In the margins next to this argument, in a section of the book that deals specifically with the relationship between the artist and the source of the art. Elvis wrote four words. This is what happens. Not a question. Not a challenge. Not the notation of someone who is uncertain. A confirmation. The researcher who found this specific annotation, a woman named Patsy Guy Hamontree, who wrote an academic study of Elvis’ reading habits, described it in a paper published in 1985.

She said she had reviewed hundreds of books from the Graceland library. She had found annotations in many of them. But this was different. She said the annotations in The Impersonal Life were the only ones that read as a continuous private conversation. Not a reader responding to a text. A person talking to something that understood them.

Elvis carried the book with him on tour.
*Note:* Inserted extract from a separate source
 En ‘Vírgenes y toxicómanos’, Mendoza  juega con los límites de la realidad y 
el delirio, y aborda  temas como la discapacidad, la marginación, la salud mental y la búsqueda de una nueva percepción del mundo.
This is documented by multiple members of his road crew who described a worn, heavily marked paperback appearing regularly in his dressing room and on his tour bus. Not displayed. Kept close. In the final years of his life, the years that most people describe as his decline, the years of the jumpsuits and the Las Vegas residencies and the medications, the book continued to appear in the accounts of the people closest to him.

His nurse at Graceland, Marian Cocke, mentioned it in her own memoir. She said she had seen it on his bedside table in the months before he died. Same book. Same heavy annotations. Same worn cover. The book he had called the one he had been looking for. What was he looking for? This is the question that the annotation suggests he was asking from 1964 until the end of his life.
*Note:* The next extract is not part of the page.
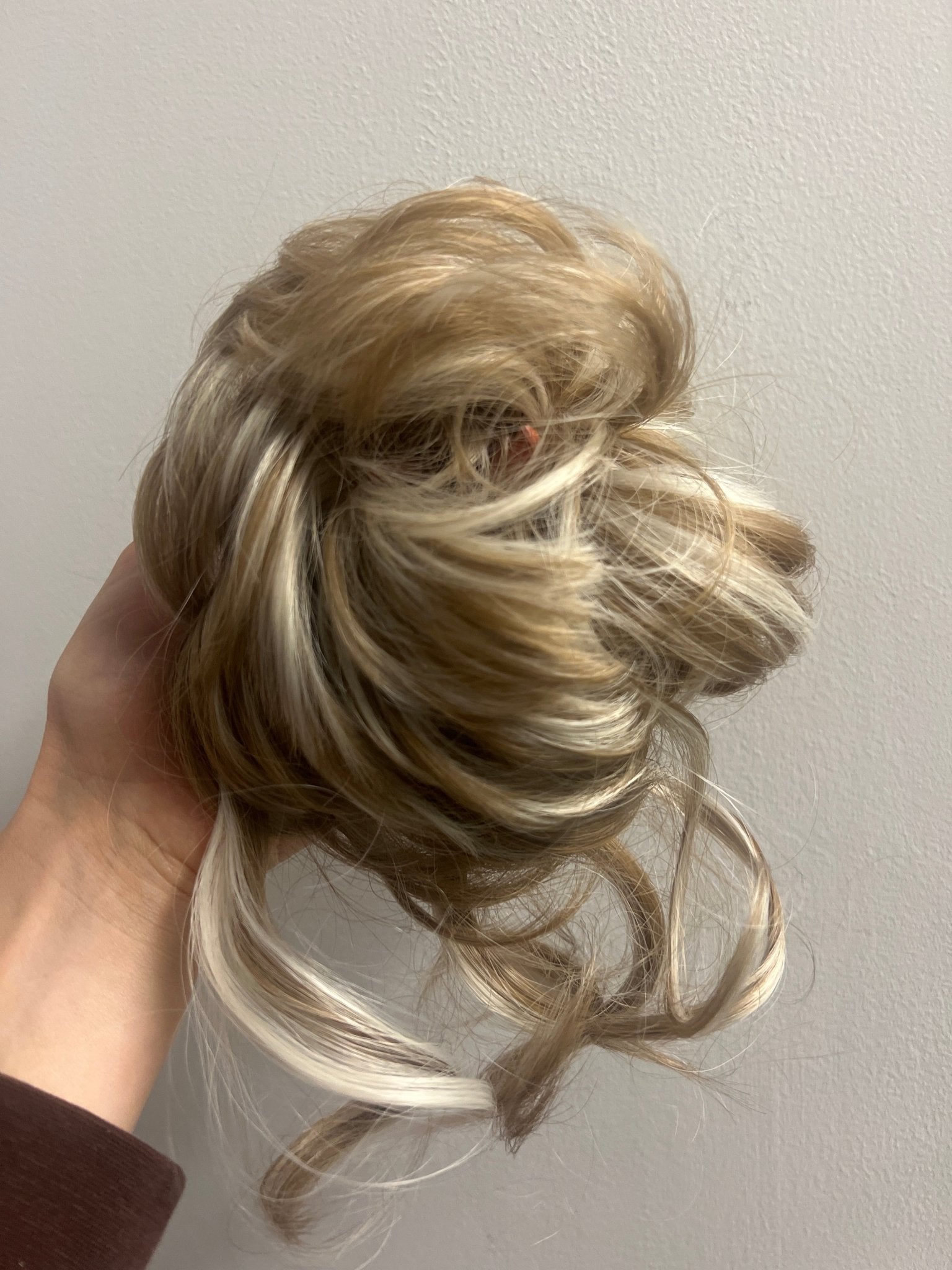 Messy Bun Scrunchie - Viral Mummoscrunchie - FIVE MINUTES BEAUTYHair extensions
Not the question that his biographers have tended to ask, which is what happened to Elvis, what went wrong, how the arc of decline is to be understood. A different question entirely. The question of where the music came from. Not in the industry sense, not in the biographical sense. The gospel tradition, the black musical influences, the Sun Records sessions.

In the personal sense. When something happened in a performance, when the voice found something that had no technical explanation, when the presence in a room changed in the specific way that the people who were there and the people who watched the recordings all described in the same terms. Where was that coming from? Elvis Presley had been asking this question since he was a boy in a Pentecostal church in Tupelo, Mississippi.

Hearing people sing with a quality that went beyond what he could explain. He had been asking it in every performance. He had been asking it in his gospel recordings, which he always described as the most important thing he did. And he found a book in 1964 that seemed to have an answer. This is what happens.

The book is still in the Graceland archive. The margins are still full. The annotation in four words is still there next to the paragraph about the artist and the source of the art. It sits in a collection of personal effects that most visitors to Graceland never see. Most visitors see the jumpsuits, the cars, the gold records.

The book is in a box in an archive room with four words in the margin of a page that describes exactly the thing Elvis Presley spent his whole life doing without being able to explain. Transmitting something from somewhere through himself to everyone in the room. He didn’t know where it came from but he knew it when he read about it.

This is what happens. Four words in the margin. From a man who spent his entire life being the thing the book was describing.